Amnesty International Ungkap Hukuman Mati dan Rezim Ketat terhadap Warga Korea Utara yang Menonton Media Asing

0
Korea Utara
Ilustrasi Bendera Korea Utara. Foto : Istock

NARASITODAY.COM, SEOULSquid Game adalah fenomena hiburan global. Namun, di bawah langit Korea Utara, serial televisi tersebut bisa menjadi tiket menuju tiang gantungan. Sebuah laporan investigasi terbaru dari Amnesty International mengungkap realitas mengerikan: warga, bahkan anak-anak sekolah, terancam hukuman mati hanya karena mengonsumsi budaya asing.

Laporan yang disusun berdasarkan 25 wawancara mendalam dengan para pembelot ini memotret iklim ketakutan ekstrem. Budaya populer dari Korea Selatan, mulai dari drama hingga musik K-pop seperti BTS, diperlakukan layaknya kejahatan serius yang mengancam fondasi ideologis rezim Kim Jong-un.

Bagi para pelajar di Korea Utara, menonton tayangan asing bukan sekadar aksi pemberontakan remaja, melainkan pertaruhan nyawa. Amnesty melaporkan kesaksian mengenai eksekusi pelajar sekolah menengah di Provinsi Yanggang karena menonton Squid Game.

Baca Juga :  Korea Utara Gelar Parade Militer Meriah untuk Peringati Kongres Partai Buruh

“Jika digabungkan, laporan dari berbagai provinsi ini menunjukkan adanya eksekusi berulang yang berkaitan dengan tayangan tersebut,” tulis Amnesty dalam pernyataannya, mengutip Sky News.

Ironisnya, proses eksekusi ini sering kali dijadikan tontonan wajib bagi warga sebagai bentuk intimidasi psikologis.
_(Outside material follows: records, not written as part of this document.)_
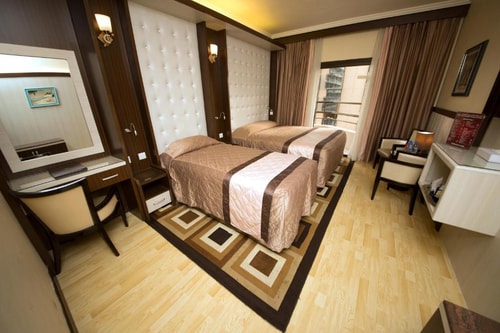 Deluxe suite Near Habib Bank Baniyas 11 Luxury Bookings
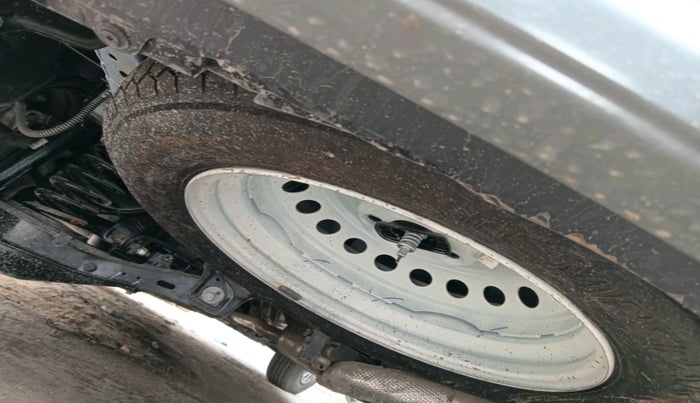 2025 Mahindra XUV700 MX Petrol MT 7 STR, Petrol, Manual, 378 km, tyre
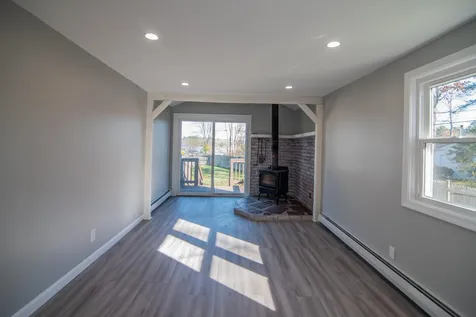 14 Babscott Lane Kingston NH 03848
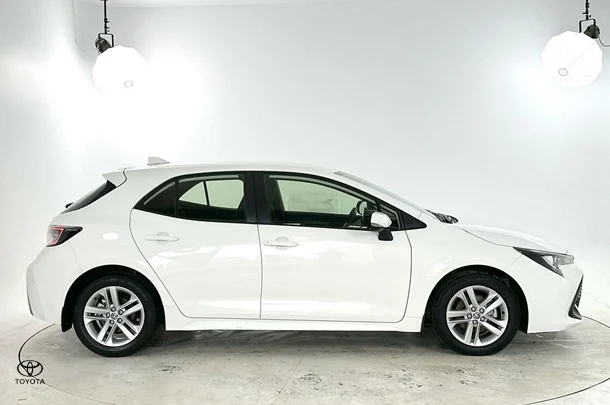 2022 Toyota Corolla Ascent Sport image 10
Kim Eunju (40), seorang pembelot, mengenang bagaimana ia dipaksa menyaksikan eksekusi sejak usia remaja.

“Mereka ingin menunjukkan: jika menonton atau menyebarkan media Korea Selatan, inilah akibatnya,” ujar Kim Eunju.

Senada dengan Kim, Choi Suvin (39) menyebut eksekusi publik sebagai alat cuci otak. “Mereka mengeksekusi orang untuk mencuci otak dan mendidik kami,” kenang Choi saat menyaksikan peristiwa serupa di Sinuiju beberapa tahun silam.

Di balik ketatnya Undang-Undang Anti-Pemikiran Reaksioner tahun 2020, laporan ini juga mengungkap tabir korupsi yang masif. Hukuman mati atau kerja paksa rupanya memiliki “label harga”. Mereka yang memiliki koneksi dan uang bisa membeli kebebasan, sementara warga miskin harus menanggung konsekuensi terberat.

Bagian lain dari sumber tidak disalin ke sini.